Heart failure and cholesterol
Medical science and technology are a most dynamic duo. A new study published the Journal of American Cardiology
indicated that heart failure patients may benefit from higher cholesterol level. While a cholesterol level of 150 mg/dl is the healthy target for the rest of us to achieve (often times with great difficulty for many of us), patients with heart failure with higher cholesterol level appeared to have a 25 percent greater survival rate for each mmol/l (roughly 232 mg/dl) when compared to those heart failure patients with lower cholesterol. This is something new, and the exact rationale still eludes researchers. They
hypothesize lipoproteins (which are fats contained in cholesterol) “absorb potentially harmful bacteria that can be dangerous to heart failure patients.”

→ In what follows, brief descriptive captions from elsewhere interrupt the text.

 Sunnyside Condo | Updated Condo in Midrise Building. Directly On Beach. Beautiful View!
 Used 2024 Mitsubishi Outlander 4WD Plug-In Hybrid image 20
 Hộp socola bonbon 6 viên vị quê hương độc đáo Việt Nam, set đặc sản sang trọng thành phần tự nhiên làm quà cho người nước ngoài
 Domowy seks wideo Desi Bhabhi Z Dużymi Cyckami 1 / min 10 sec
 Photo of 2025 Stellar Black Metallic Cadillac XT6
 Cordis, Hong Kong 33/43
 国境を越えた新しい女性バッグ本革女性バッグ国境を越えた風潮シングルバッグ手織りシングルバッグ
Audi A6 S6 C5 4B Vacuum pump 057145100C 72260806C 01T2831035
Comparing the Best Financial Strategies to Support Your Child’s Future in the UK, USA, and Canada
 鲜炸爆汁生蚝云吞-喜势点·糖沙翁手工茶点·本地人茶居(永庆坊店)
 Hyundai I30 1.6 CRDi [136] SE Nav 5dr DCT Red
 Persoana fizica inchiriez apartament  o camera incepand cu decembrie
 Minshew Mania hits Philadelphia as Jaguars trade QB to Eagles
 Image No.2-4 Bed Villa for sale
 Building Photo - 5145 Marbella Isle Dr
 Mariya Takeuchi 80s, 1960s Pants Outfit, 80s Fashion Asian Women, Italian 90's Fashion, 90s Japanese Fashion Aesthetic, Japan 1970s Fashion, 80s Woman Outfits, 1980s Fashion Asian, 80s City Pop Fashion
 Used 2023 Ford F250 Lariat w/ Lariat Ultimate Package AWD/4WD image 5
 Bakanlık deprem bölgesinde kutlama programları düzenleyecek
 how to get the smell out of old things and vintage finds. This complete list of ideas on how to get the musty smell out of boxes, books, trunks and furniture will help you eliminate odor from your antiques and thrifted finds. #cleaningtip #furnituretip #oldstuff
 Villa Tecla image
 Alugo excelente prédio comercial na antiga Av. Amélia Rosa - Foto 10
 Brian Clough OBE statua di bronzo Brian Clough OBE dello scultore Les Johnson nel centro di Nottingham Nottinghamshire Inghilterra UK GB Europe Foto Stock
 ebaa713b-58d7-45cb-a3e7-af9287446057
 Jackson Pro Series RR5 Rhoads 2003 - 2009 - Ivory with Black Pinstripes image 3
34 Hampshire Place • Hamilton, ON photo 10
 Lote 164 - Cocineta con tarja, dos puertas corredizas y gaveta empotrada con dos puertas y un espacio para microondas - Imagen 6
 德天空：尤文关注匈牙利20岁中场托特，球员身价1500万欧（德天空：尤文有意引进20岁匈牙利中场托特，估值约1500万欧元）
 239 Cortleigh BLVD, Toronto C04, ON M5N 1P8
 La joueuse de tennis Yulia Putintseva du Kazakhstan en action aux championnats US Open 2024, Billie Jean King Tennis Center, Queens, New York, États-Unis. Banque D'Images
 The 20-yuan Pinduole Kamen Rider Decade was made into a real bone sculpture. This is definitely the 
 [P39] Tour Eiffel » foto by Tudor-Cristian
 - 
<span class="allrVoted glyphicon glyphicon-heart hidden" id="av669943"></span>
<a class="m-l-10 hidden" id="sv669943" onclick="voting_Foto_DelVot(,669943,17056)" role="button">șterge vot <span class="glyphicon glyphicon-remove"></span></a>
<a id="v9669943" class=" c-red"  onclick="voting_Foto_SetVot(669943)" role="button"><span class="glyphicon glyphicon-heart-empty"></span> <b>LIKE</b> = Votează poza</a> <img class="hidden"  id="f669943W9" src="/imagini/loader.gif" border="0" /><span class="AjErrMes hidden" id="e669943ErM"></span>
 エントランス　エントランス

Investigators warned against concluding that low cholesterol increases the mortality rate among heart failure patients. Further studies on more subjects are required to support this preliminary finding before a valid and final scientific conclusion could be drawn. One word of caution: this study pertains only to patients with heart failure. For the rest of us, those lucky ones without heart disease and heart failure, the recommended level of cholesterol is still no higher than 150, if we are to prevent heart attack and stroke.
Green tea
Soft drinks, cola or uncola, regular or diet, flavored or not, are all toxic to the body, for adults and especially for children. They increase the risk for Metabolic Syndrome. Millions around the world have stopped drinking soft drinks. Coffee is healthy but tea appears to take the lead as the healthiest beverage. Tea, in general, especially green tea, a potent antioxidant that protects the body from damaging free radicals, is the best, as we have written about in this column 15 years ago. Indeed, the best is tea, the drink of choice for more than 5000 years in Asia, for its great overall beneficial health effects for our heart and general well-being.
The general recommendation for daily fluid intake of 8 to 10 glasses should include filtered, clean, good old-fashioned water. For breakfast and snack time beverage green tea is great, as it helps in food digestion also. Let’s drink to health. Cheers!